So Peter went out with the other disciple, and they were going toward the tomb. Both of them were running together, but the other disciple outran Peter and reached the tomb first.  (John 20:3-4)

When I was a little girl I had a lot of bad dreams. A lot of bad dreams.

It seemed like anything could lead to a nightmare – someone talking about ghost stories, a scary movie preview on primetime television, or mean, pesky childhood communication at school.

In most of my nightmares, I was running.

Running from something, trying to get somewhere, out of breath, exhausted, tripping over branches and divots of grass and hidden treachery. As I laid in my bed, the branches scrapping the window signaled someone trying to get me, I came up with infinite excuses for drinks of water and extra hugs, mostly I imagined what would come for me in my dreams that night.

I’m sure there is a psychological explanation for all of this, but I’m also not sure I care to know. I came from a stable and loving family. I didn’t experience any form of childhood violence or neglect. The real curse was my extremely overactive imagination.

What I do know is that I hated to run for years. I saw it as a punishment inflicted to my body and soul. At recess my best friend and I would sit on swings and discuss our current favorite book reads and imagine what we would do when we were grown up – anything from European princesses, to journalists, to doctors curing disease. We sat quietly watching everyone one else on the playground run around and we were content.

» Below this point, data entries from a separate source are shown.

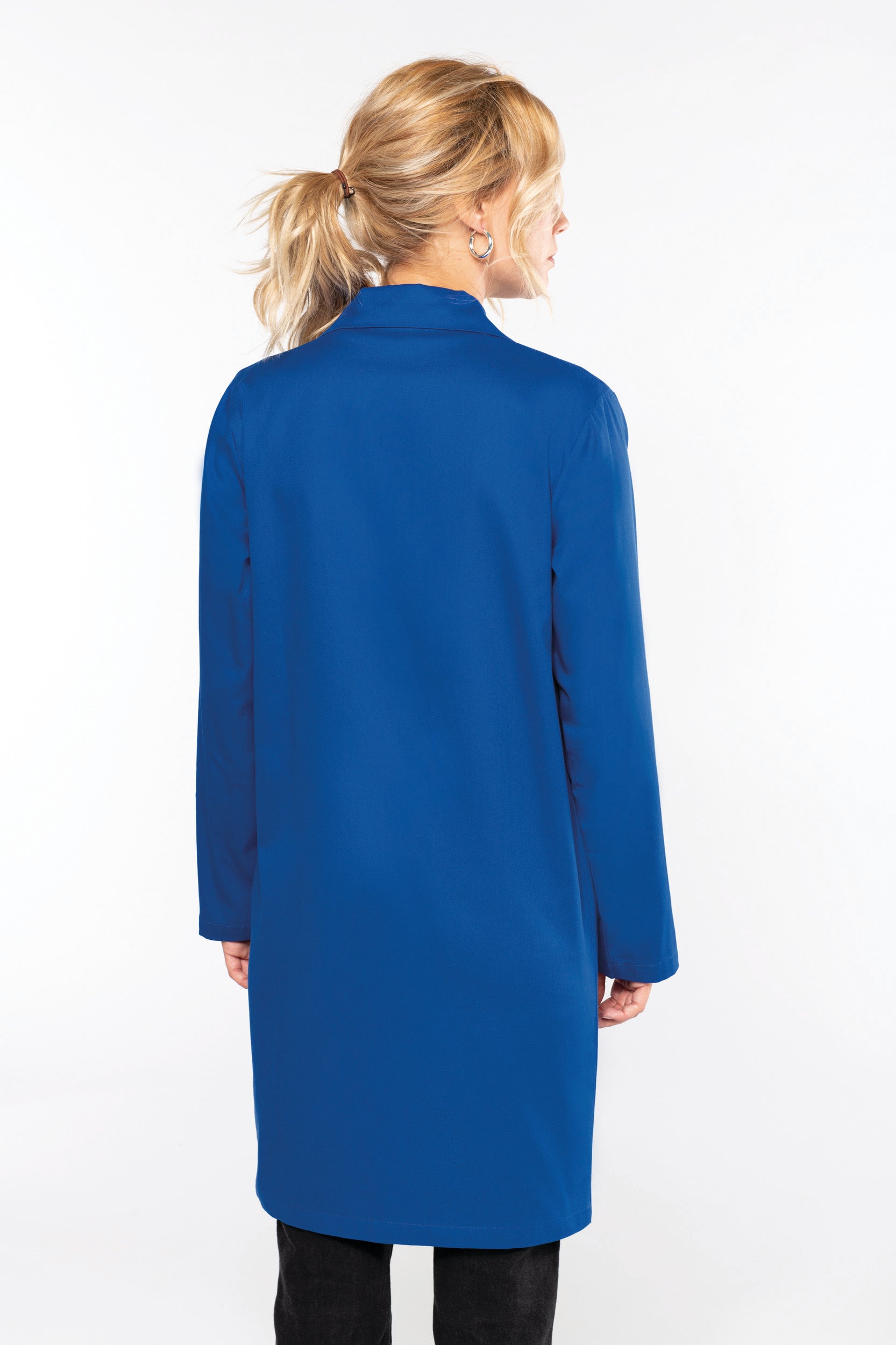 Blouse de travail unisexe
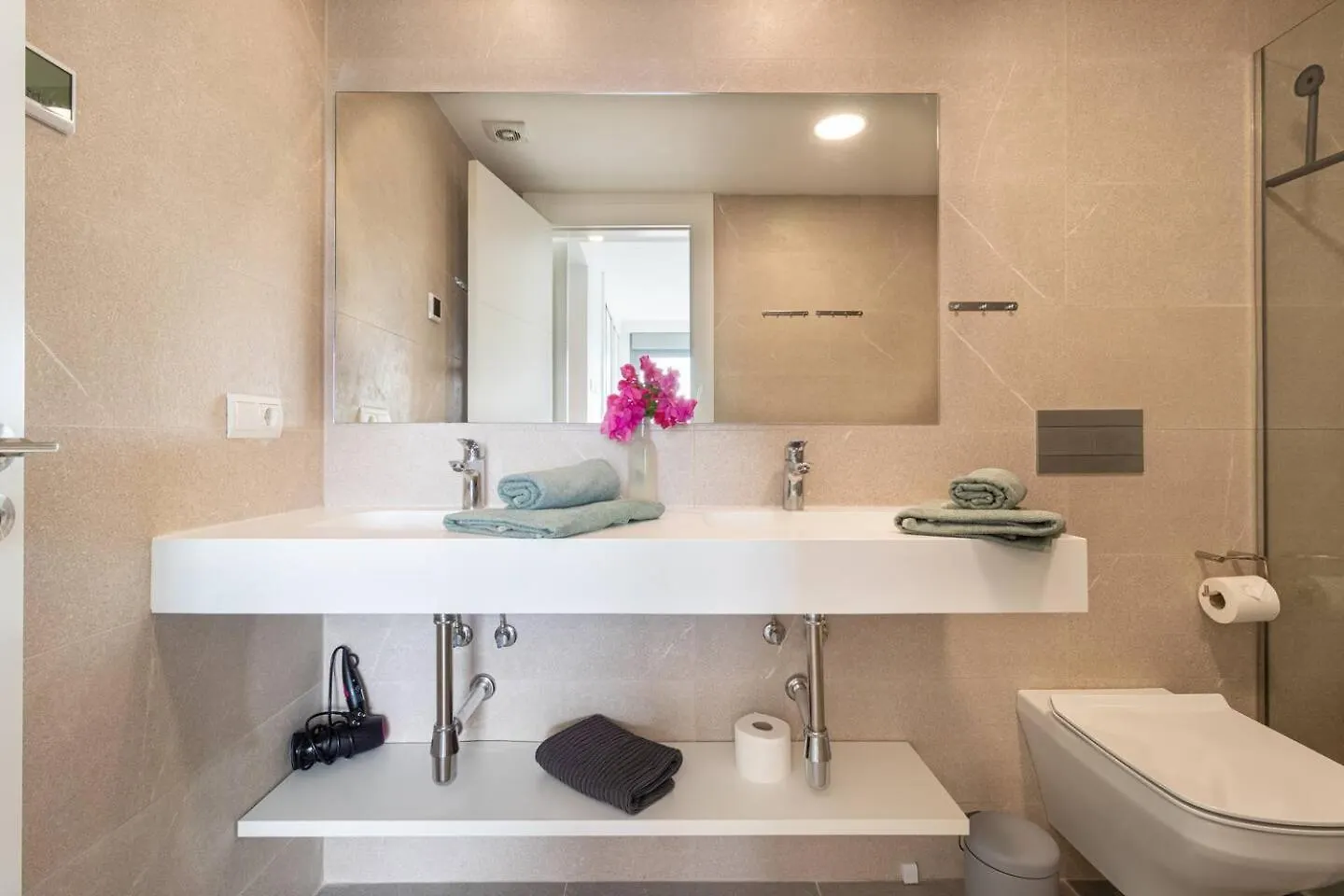 Apartamento Seaview 3-Bed Flat With 2 Terraces Mijas Pueblo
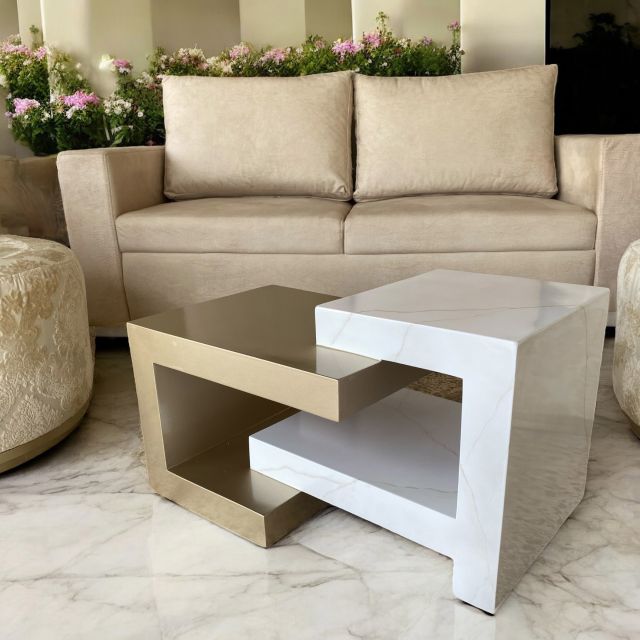 Mesa de centro de Sala Tonelli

Running the mile in gym class…pure torture.

“Why would anyone ask this of awkward adolescents?” I complained.

I circled around that track four times and consistently came in at my twelve minute marker. Gag. It was anxiety producing and embarrassing.

At 14, I decided to face my fear of running head on. I joined the track team and ran the 400. By the end of approximately three weeks, I embraced a new general life rule – Why spend time doing something you hate so much?

And so I didn’t.

I quit, but unbeknownst to me I began simultaneously running in another way, looking and searching. I ran to everything else, instead of what I really needed to be running to… that empty tomb, and that Risen Savior.

I ran to be the best academically. I ran to boys that I thought might love me. I ran to adventures and folly and anything that hinted of excitement.

Then this Easter, while sitting in the pew listening to my husband speak the Word, these verses jumped out to me:

Both of them were running together…

The other disciple outran Peter…

Instantly in my head I could see myself in those disciples running toward something that mattered. I contemplated whether God’s grace could be in the running. With Christ, was it possible to stop running from something, and start running toward something.

I remember one glorious spring day in college, my husband-to-be flippantly asked me to go for a run with him. We weren’t dating, I’m not even sure at that point I was interested in him. God reveals plans in His own time, not mine. I was shocked to hear my own tongue say, “Sure. Meet you in 15 minutes in the Triangle.”

Looking back, Dave was safe. His gracious spirit and tongue that constantly dripped words of encouragement, spoke grace in my life in a way that was new and fresh and sent me running to find an empty tomb, a unneeded burial cloth, a new day.

I can certainly walk to the tomb? There’s was no need to take up running as a hobby to cement my relationship with Christ.

However, for me running represented fear. Running was closely connected to my anxiety over life and worth and God.  

Jesus offered me a new gift long ago that day in college and then connected all the dots one Easter morning, March 2016:

I was made to run to Him – no matter the darkness or the daylight, the sorrow or the unexpected sweetness.

What anxieties surround you? Jesus’ Word and His empty tomb always offer healing, sometimes in very specific ways. Where are you in need of healing?

Run to Him. Run, run, run.

Let His grace seep into every little place. Then, take a breath and rest in His presence and be assured of His marvelous mercy.